Friday, June 12, 2009

Where The Dude Learned his Tricks












Robert Altman’s 1973 The Long Goodbye is an oft-overlooked masterpiece of film noir. Though heavily based on the eponymous Raymond Chandler novel, the film notably departs from the book. The novel represents Chandler at the end of his career, willing to grant sympathy to his downtrodden “White Knight” Philip Marlowe by giving him the opportunity for both lasting friendship and love at the end of the novel. Though this assertion might sound anathema to legions of Chandlerphiles, it nevertheless seems to me that the novel painfully misrepresents the hard-boiled storyworld that we have come to expect from a "proper" Marlowe story.

The formidable collaboration between screenwriter Leigh Brackett, director Altman, and Elliott Gould as protagonist Philip Marlowe renders the film darker, funnier, and more morally ambiguous than the novel. However, more than anything it is the humor that marks a complete departure from all noir films before it. The humor is dark and poignant, in no way taking the piss or detracting from the harsh reality of the intended milieu.

In many ways, Gould’s interpretation of Marlowe is lighter and funnier than the classic interpretations. Reinventing Humphrey Bogart’s signature character wouldn’t be an easy task for anyone, but Gould starts completely from scratch. He trades Bogart’s deadpan stoic for an awkward, openly compassionate smartass. Whereas Bogart’s Marlowe cracks jokes with the express purpose of wheedling response from an adversary, Gould’s Marlowe cracks jokes because he is incapable of keeping his mouth shut. Perhaps unsurprisingly, Gould’s Marlowe finds his mouth shut for him on several occasions.

While the “classic” Marlowe is seen to be poor because he is too honest to make a good living, Gould’s Marlowe is portrayed as a shiftless schlub. One must wonder how he makes a living at all, save for his off-beat charm. The imprint of this film is evident on many revisionist films noirs since; the gritty realism of an unexpected Coke bottle delivered to the face is strikingly similar to the famous slitting of Jake Gittes’ nose in Chinatown. Furthermore, Gould’s Marlowe, distilled to absurdism, is doubtlessly the missing link between Bogart’s Marlowe and Jeffrey “The Dude” Lebowski.

While the archetypal film noir protagonist is of ambiguous moral character, he nevertheless exhibits a self-imposed morality consistent to his actions. By this statute, many find fault with Brackett and Altman’s rewritten ending, wherein Marlowe executes Terry Lennox in cold blood. At first glance, the murder appears to counter everything previously established about the character. Marlowe has traveled to Mexico with the intention of killing Lennox; he succeeds. The act is vicious, calculated, and thoroughly uncompassionate.
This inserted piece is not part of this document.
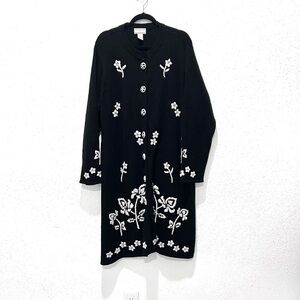 Venezia Vitale Black Knit embroidered long Cardigan 3X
However, I suggest that perhaps it is the action most true to Marlowe’s personality that the film sees. Lennox not only shamelessly abuses Marlowe’s honesty and compassion for personal gain, but he also, time and again, places Marlowe at grave personal risk. Marlowe accepts this risk only by the steadfast yet ultimately misguided conviction that his friend Lennox was innocent of his wife’s murder. Thus, the only option left for Marlowe, in order to respect his code of ethics, is to destroy the monster that so mocked them. That is film noir.